# Almost as good as a B&M haul.



## Darrell (Aug 12, 2007)

This should last me about 2 weeks.

1 six pack of Mocha Porter
1 bottle of Dead Guy
1 bottle of hazelnut Brown Nectar
2 bottles of Chocolate Stout










$30 well spent, I'll say. :tu:tu


----------



## jagmqt (Feb 22, 2007)

The beer looks good, but why the apples and tiger balm? :chk

jag


----------



## EvanS (Dec 29, 2006)

:tu

looks good Darre*LL

:tu
*


----------



## croatan (Mar 23, 2005)

Two weeks? Light weight. That's one night one-man-herfing.


----------



## Darrell (Aug 12, 2007)

croatan said:


> Two weeks? Light weight. That's one night one-man-herfing.


:r

I'm not a 21 yr old frat boy, those days are LONG gone. :tg :r


----------



## adsantos13 (Oct 10, 2006)

I've only had the Dead Guy and its damn good! Nice haul.


----------



## awsmith4 (Jun 5, 2007)

Nice pickups:dr


----------



## newcigarz (Feb 11, 2007)

croatan said:


> Two weeks? Light weight. That's one night one-man-herfing.

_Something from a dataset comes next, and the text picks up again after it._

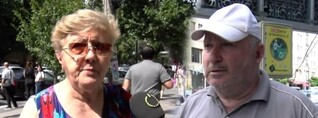 Նիկոլը տղություն չունի, որ օկուպացված տարածքներն ազատագրի․ նա մենակ թույլերի վրա կարա․ հարցում
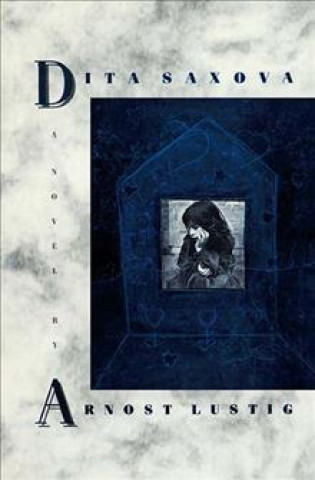 Buch Dita Saxova Arnoest Lustig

:tpd: The only thing that would last two weeks in my house from that picture are the apples. :r


----------



## dayplanner (Dec 11, 1997)

Nice. Rogue's is good stuff!


----------



## tiptone (Jul 30, 2006)

newcigarz said:


> :tpd: The only thing that would last two weeks in my house from that picture are the apples. :r


Holy crap you use a lot of Tiger Balm.


----------



## newcigarz (Feb 11, 2007)

tiptone said:


> Holy crap you use a lot of Tiger Balm.


Don't ask :r:r:r


----------



## RPB67 (Mar 26, 2005)

Definately good cigar pairings....:tu


----------



## JacksonCognac (Nov 12, 2007)

great beer, funny thread.


----------



## Darrell (Aug 12, 2007)

The tiger balm is for my knee, you pricks. :r


----------



## longknocker (Dec 16, 2007)

Darrell said:


> The tiger balm is for my knee, you pricks. :r


All right, gorillas, I gotta ask. Is Darrell really that mean?:chk


----------



## EvanS (Dec 29, 2006)

Darrell said:


> The tiger balm is for my knee, you pricks. :r


I figured as much. But if any of those apples would have been cored I would have had my doubts....


----------



## newcigarz (Feb 11, 2007)

EvanS said:


> I figured as much. But if any of those apples would have been cored I would have had my doubts....


:r:r:r


----------